Paul Carbutt

Personal information
- Full name: Paul Anthony Carbutt
- Born: 4 July 1950 Birmingham, England
- Died: 1 May 2004 (aged 53)

Team information
- Discipline: Road
- Role: Rider

Professional teams
- 1978–1979: Viking-Campagnolo
- 1980: Man VW-Viking
- 1981: Sugino-Harry Quinn
- 1982: Itera-Falcon

Major wins
- Yorkshire Classic

= Paul Carbutt =

English cyclist (1950–2004)

Paul Anthony Carbutt (4 July 1950 - 1 May 2004) was an English professional racing cyclist. Carbutt has an exceptional range of achievements - from a silver medal in the short-distance national hill-climb championship in 1975 to breaking the near-1,000 miles of the Land's End to John o' Groats road record in 1979. He was an accomplished road rider and time triallist.

== Amateur career ==
Carbutt rode for the Midlands-based Saracen Road Club early in his career. His programme mixed the top road races with a range of time trial distances. He came to national prominence with a stage win and second overall in the 1974 Girvan 3-day stage race. In the same season he won the 100-mile time trial championship.

In 1975 he won a bronze medal in the national road race championship and won both the 50-mile and 12-hour time trial championships. His time trialling led to selection for the British team for the team time trial at the Montreal Olympics. The team came sixth, 50 seconds away from a bronze medal.

He competed in the team time trial event at the 1976 Summer Olympics.

In 1977 he rode for the GS Strada team. He won the early-season Girvan 3-day, was third in The Milk Race and was national time trial champion at 100 miles. The GS Strada team (Carbutt, Dave Cuming, Phil Griffiths and Joe Waugh) won the national 100 km team trial championship. Carbutt also won the season-long British Best All-Rounder time trial competition.

== Professional career ==
In 1978 Carbutt turned professional for Viking-Campagnolo. In his first year, he took a stage win at the Scottish Milk Race.

=== Lands End to John O'Groats record ===
In July 1979, during a busy professional season, Carbutt attempted Dick Poole's 1965 record from Lands End to John O'Groats. Carbutt made early inroads into Poole's schedule, struggled in a Scottish heat wave, and set a record time of 1 day, 23 hours, 23 minutes and 1 second - just inside Poole's mark.

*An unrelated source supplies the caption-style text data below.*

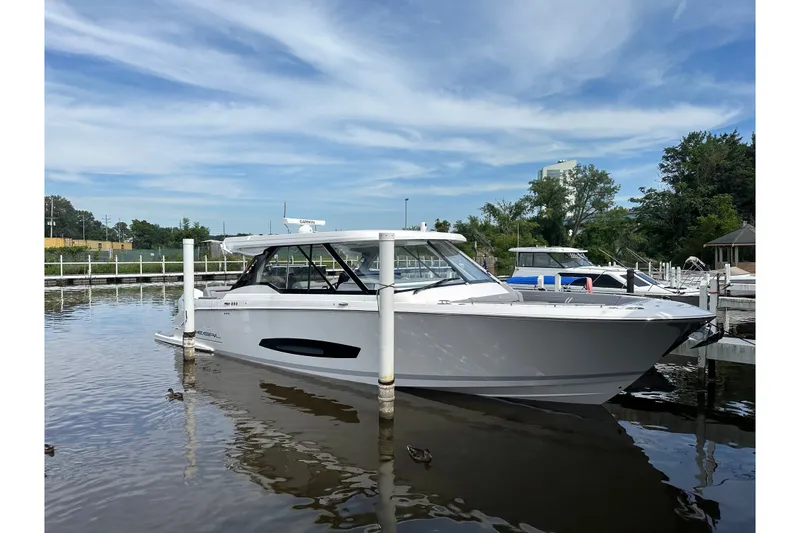 The Image of 2027 Regal LX43 boat docked on calm water under a clear sky. - 0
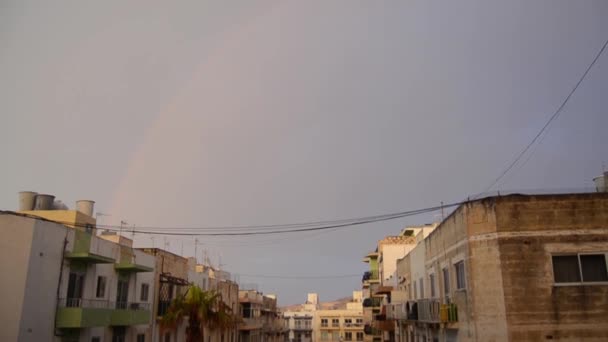 Buggiba, Malta 30. mei 2019 Rainbow ower residentiële gebouwen op donkere bewolkt regenachtig stormachtige dag — Stockvideo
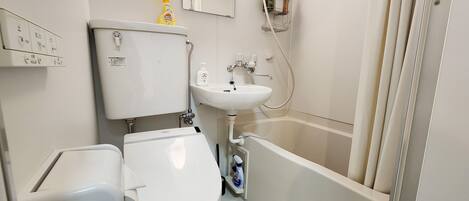Une salle de bain avec des toilettes, un lavabo et une douche.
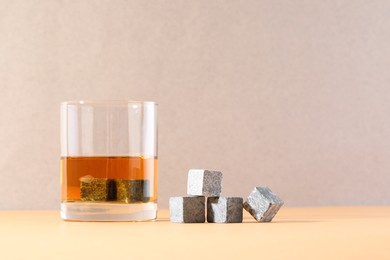 Whiskey stones and drink in glass on orange table. Space for text
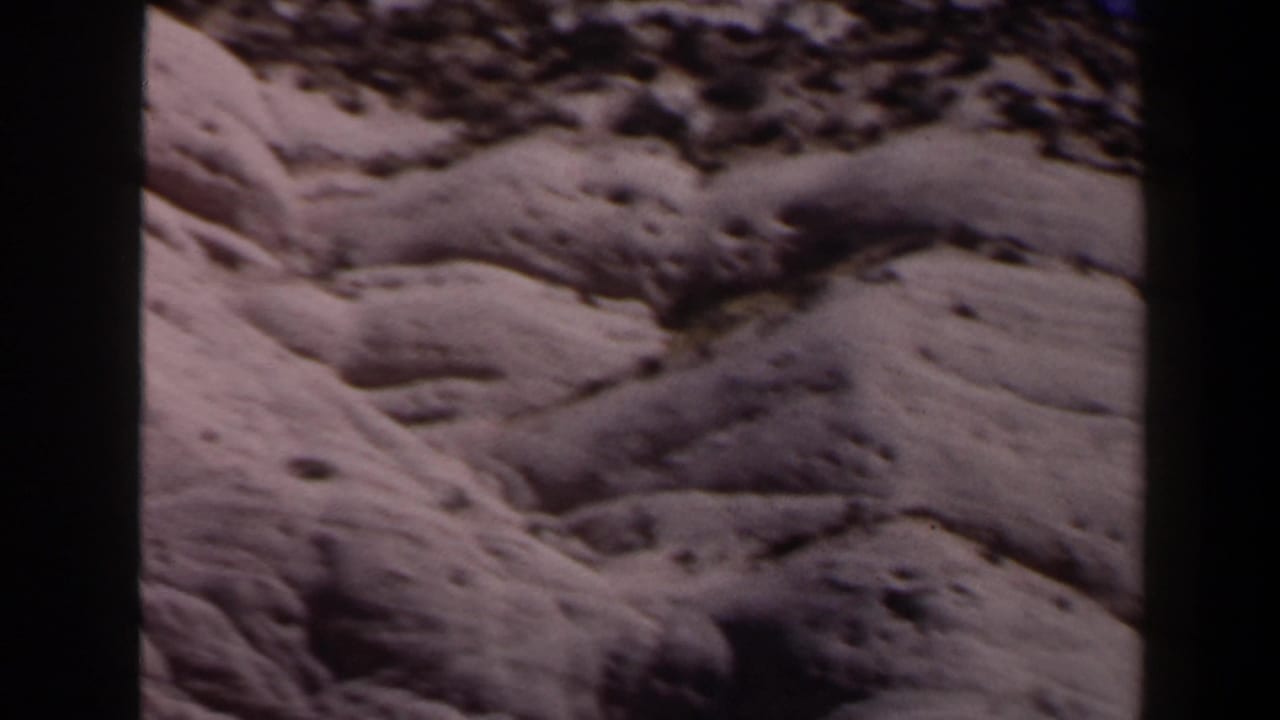 Sandy desert hillside with dark scrub patches and 8mm frame borders.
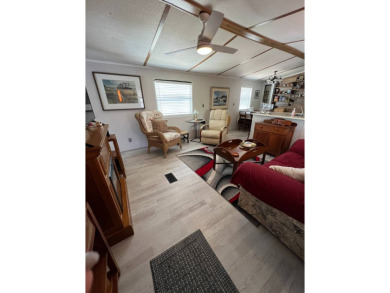 Charming 2 bed, 1.5 bath Home in 55+ Golf Community - New Roof on Lake Henry Golf Club in Florida - for sale on GolfHomes.com, golf home, golf lot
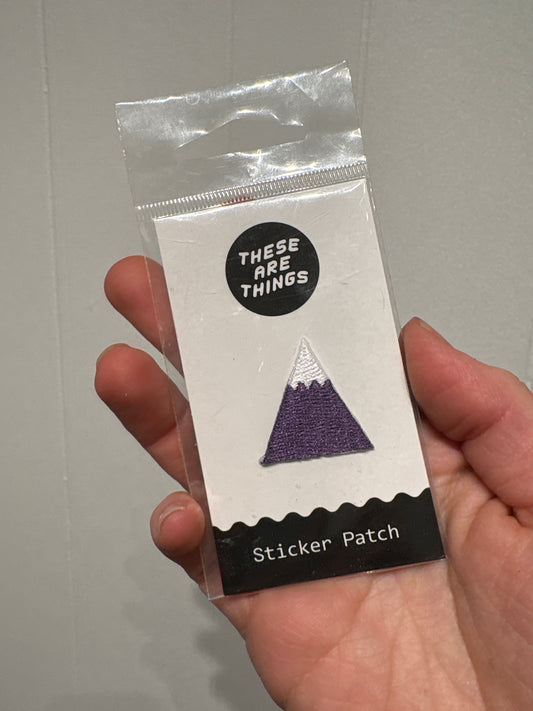 Hand holding packaged mountain sticker patch with purple and white design labeled "Sticker Patch"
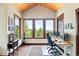Office with hardwood floors, lots of windows, and mountain views at 30041 Marys Dr, Conifer, CO 80433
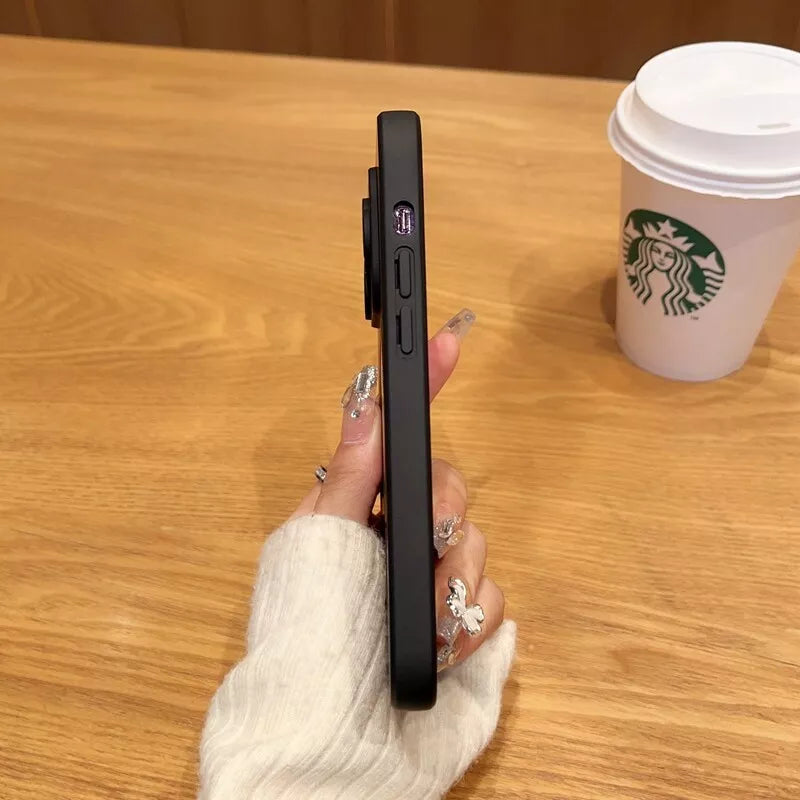 a woman holding a cell phone next to a cup of coffee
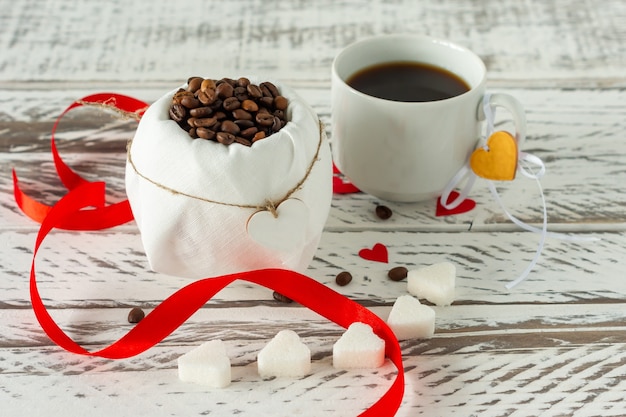 Composition festive de la Saint-Valentin. Café romantique noir avec du sucre en forme de coeur et des confettis de coeur en papier rouge dispersé.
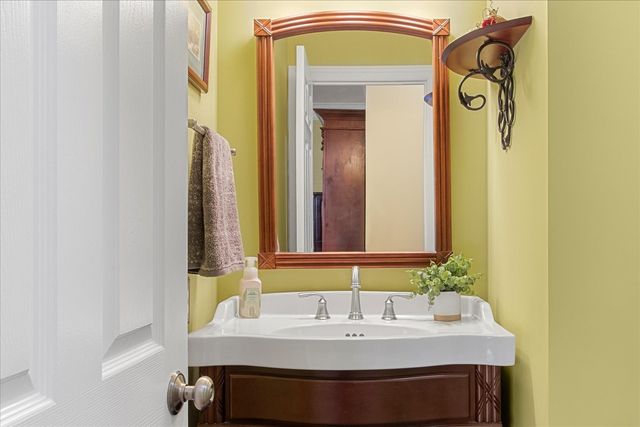 a yellow house with a big yard and large trees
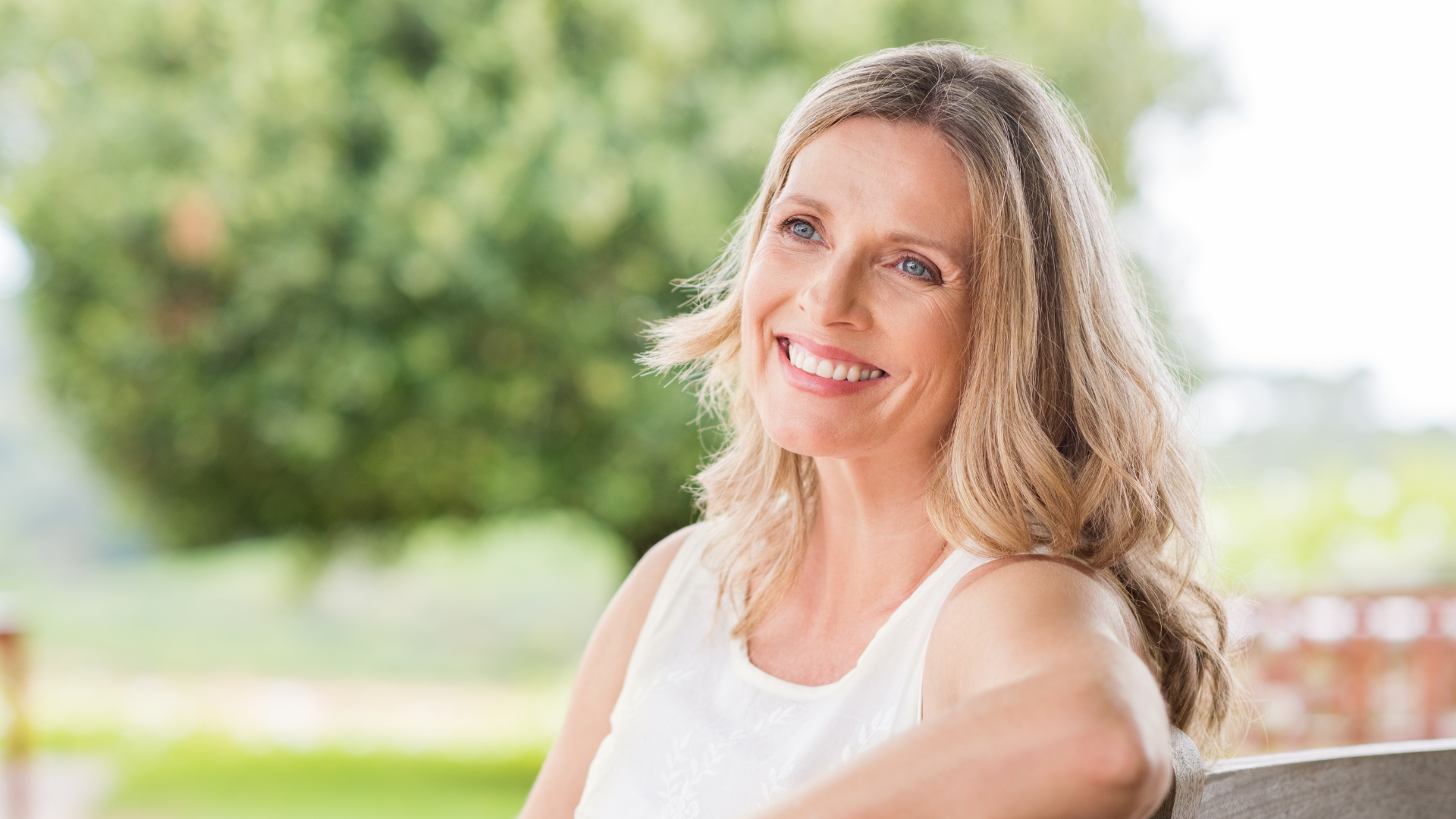 Smiling woman sitting outdoors by a tree in soft natural light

Bernard Thompson said: "Paul Carbutt is probably the one and only rider ever to have covered such a wide variety of unpaced distances with such success... Carbutt turned professional for a successful career which included the Land's End to John o'Groats record in 1d 23h 23m 1s, breaking Dick Poole's 14-year-old record by 23m 34s. In the process, Carbutt lost five minutes in Cornwall when police accused him of speeding!"

=== Another win ===
In 1980 Carbutt won the Yorkshire Classic road race at Harrogate. He also took third in the Tom Simpson Memorial road race in 1981..

== Later life ==
Carbutt continued cycling after his professional career, riding with the Saracen Road Club again and later the Solihull Cycling Club. In 1984 he rode the 24-hour championship, attempting a medal at yet another distance. He finished 22nd.

Carbutt was a clay artist, designing transport solutions. He was later diagnosed with motor neurone disease and died in 2004.